▼▼▼

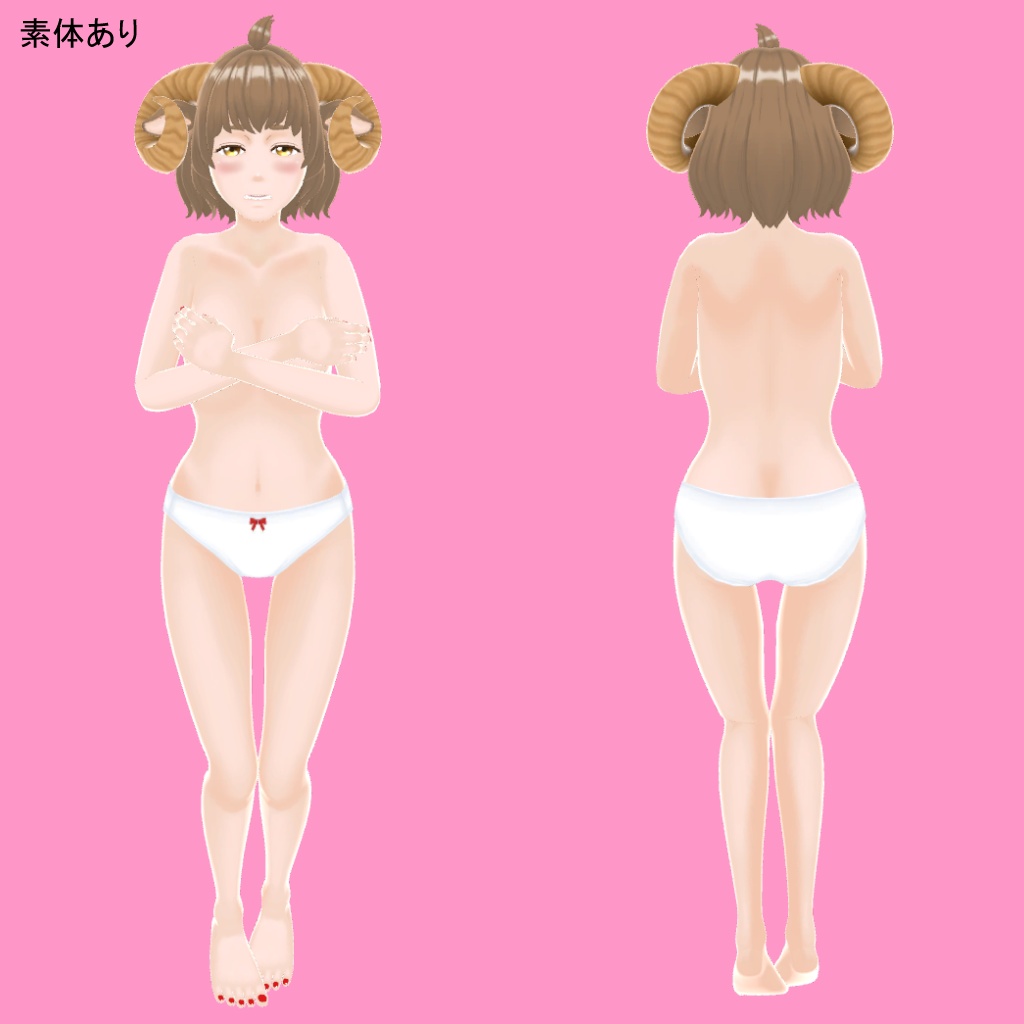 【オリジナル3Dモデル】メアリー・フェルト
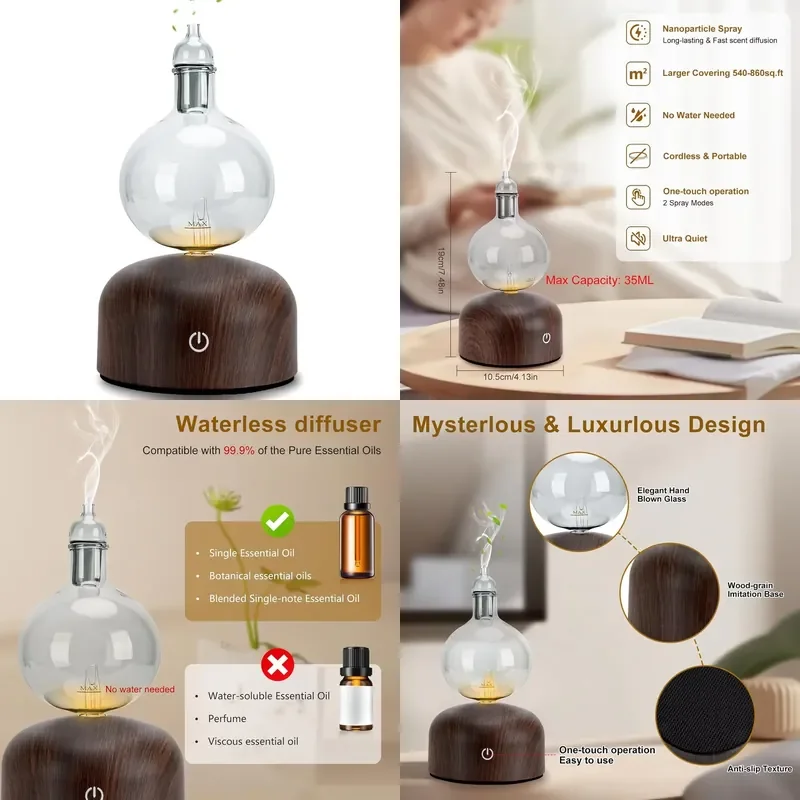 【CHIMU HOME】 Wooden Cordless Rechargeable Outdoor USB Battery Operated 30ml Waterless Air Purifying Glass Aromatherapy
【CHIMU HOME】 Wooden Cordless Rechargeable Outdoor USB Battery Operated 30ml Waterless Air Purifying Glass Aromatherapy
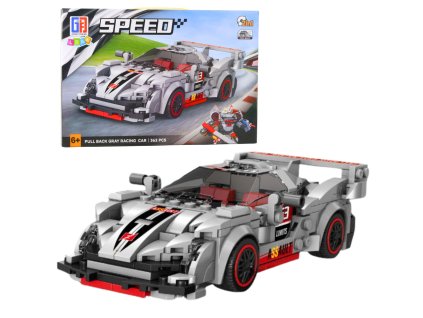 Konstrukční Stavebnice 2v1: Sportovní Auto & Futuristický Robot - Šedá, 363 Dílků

▲▲▲
▼▼▼

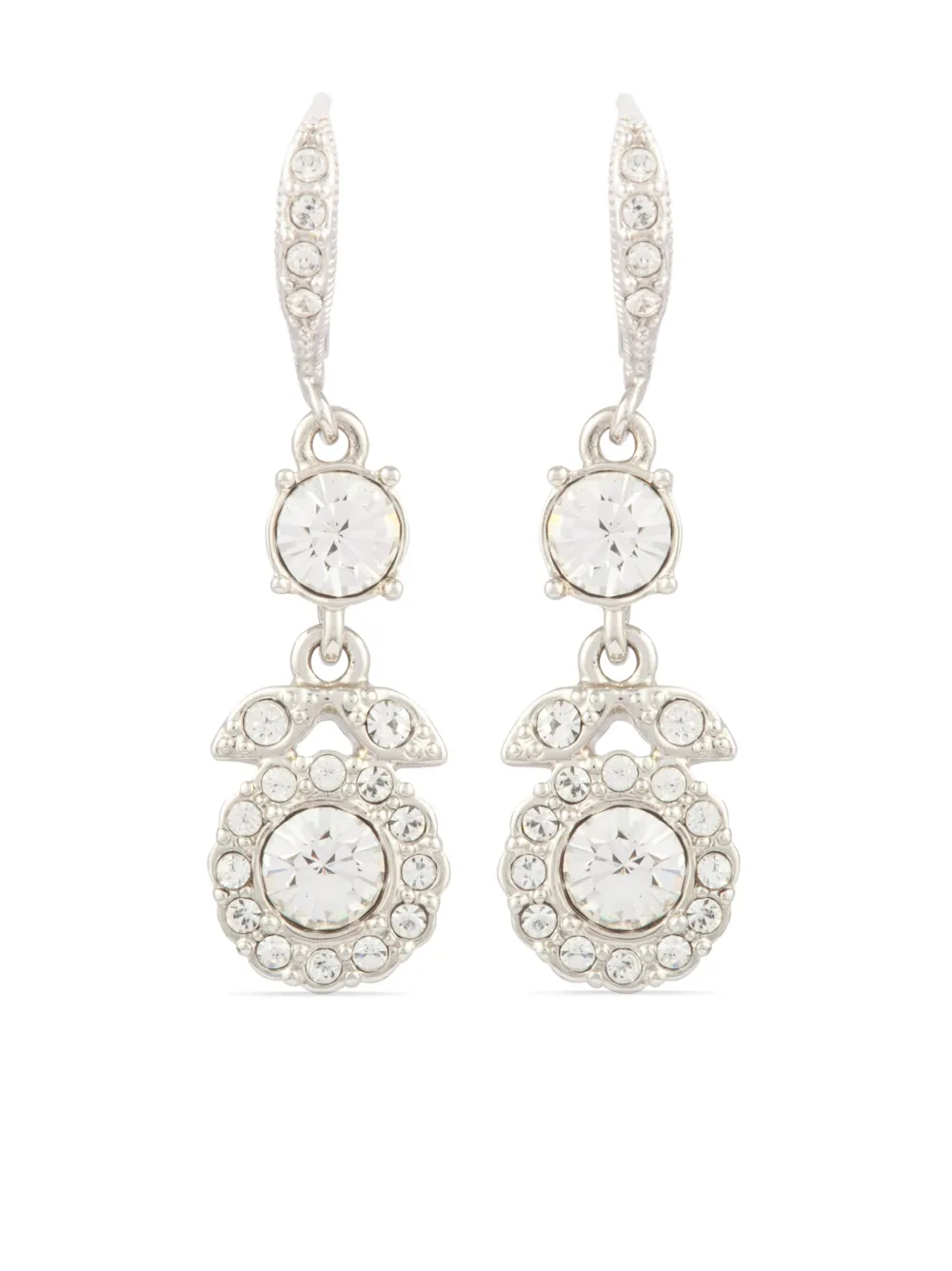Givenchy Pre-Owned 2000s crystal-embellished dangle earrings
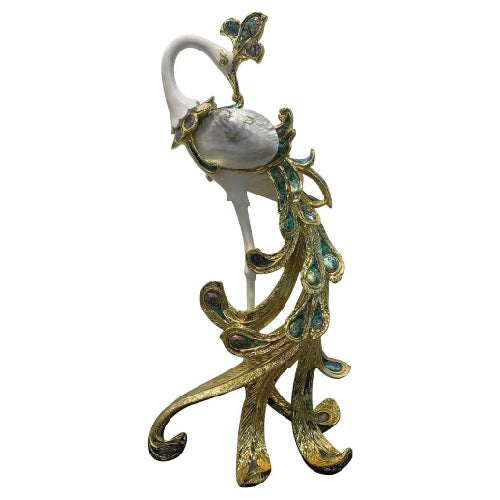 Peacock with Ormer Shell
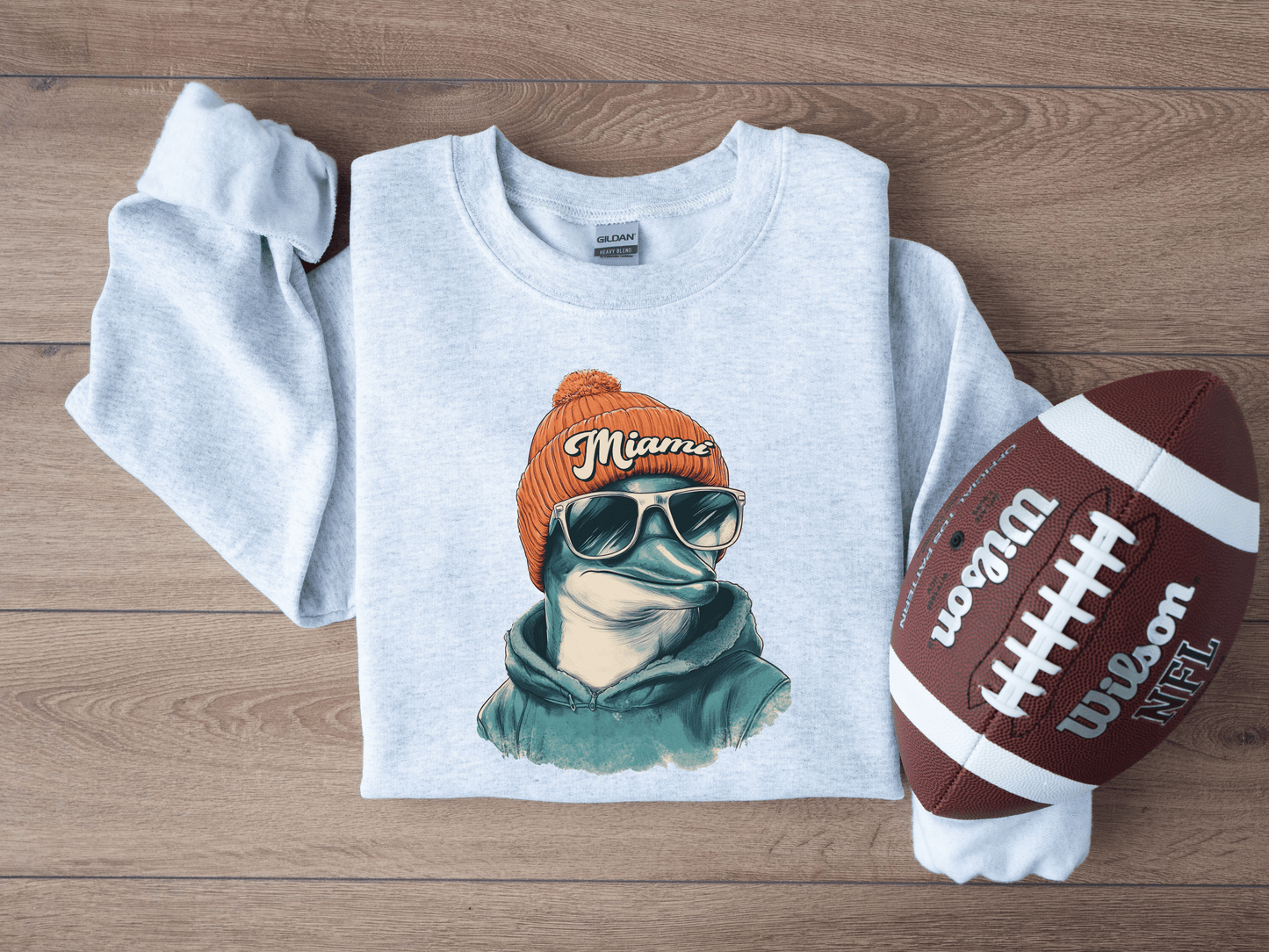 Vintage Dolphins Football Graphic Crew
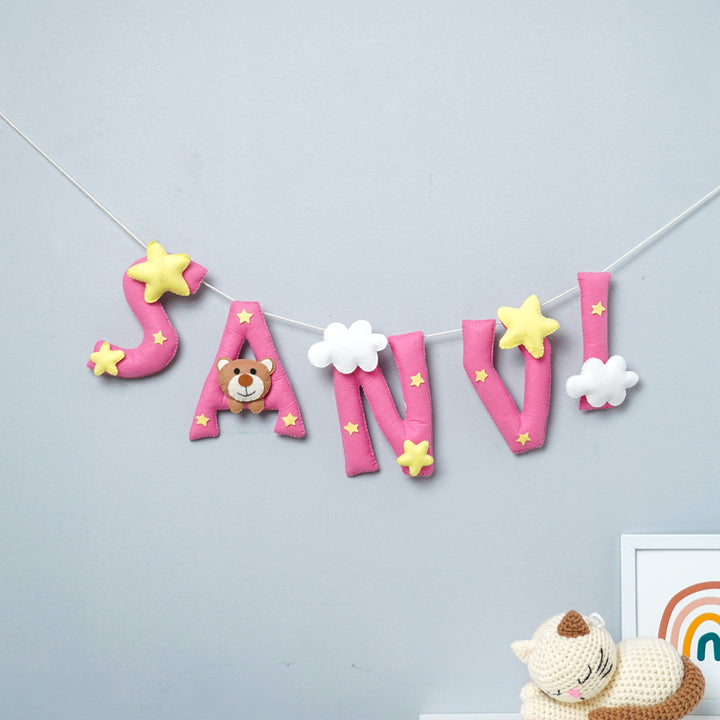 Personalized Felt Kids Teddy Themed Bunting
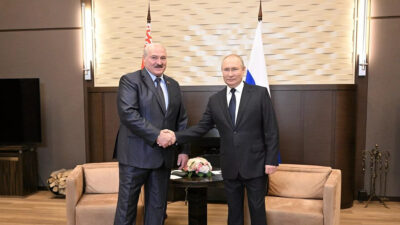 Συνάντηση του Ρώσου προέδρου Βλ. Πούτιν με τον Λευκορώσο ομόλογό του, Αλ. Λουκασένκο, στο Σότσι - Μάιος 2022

▲▲▲
▼▼▼

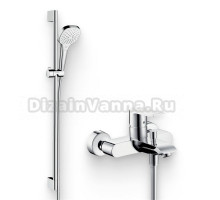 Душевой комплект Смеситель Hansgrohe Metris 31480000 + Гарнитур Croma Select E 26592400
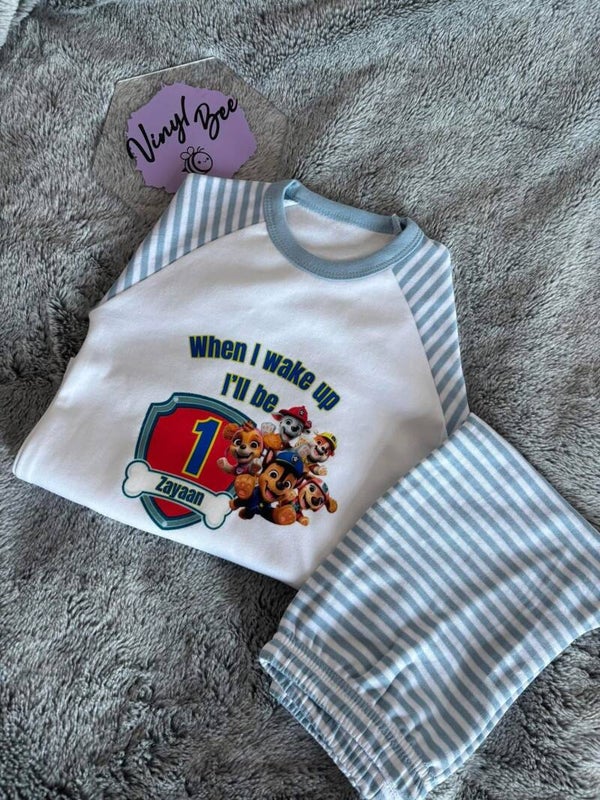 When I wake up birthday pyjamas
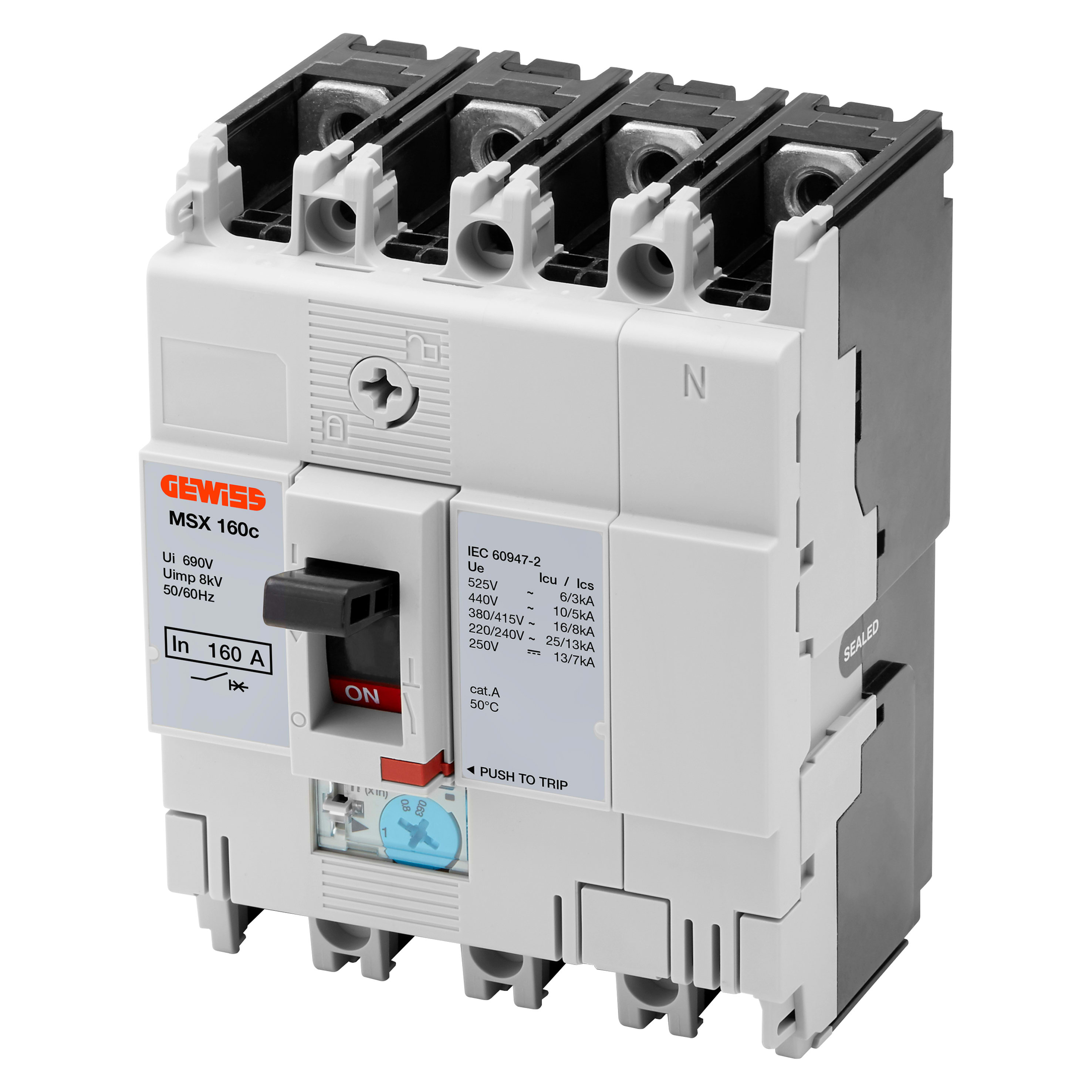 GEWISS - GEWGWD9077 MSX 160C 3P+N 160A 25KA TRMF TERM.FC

▲▲▲

WHAT IS NEEDED. Copy everything above from the line holding "When I wake up birthday pyjamas" down to the line holding "GEWISS - GEWGWD9077", both ends included, exactly as it stands and without the pictures.

TASK ANSWER.
 When I wake up birthday pyjamas
 GEWISS - GEWGWD9077 MSX 160C 3P+N 160A 25KA TRMF TERM.FC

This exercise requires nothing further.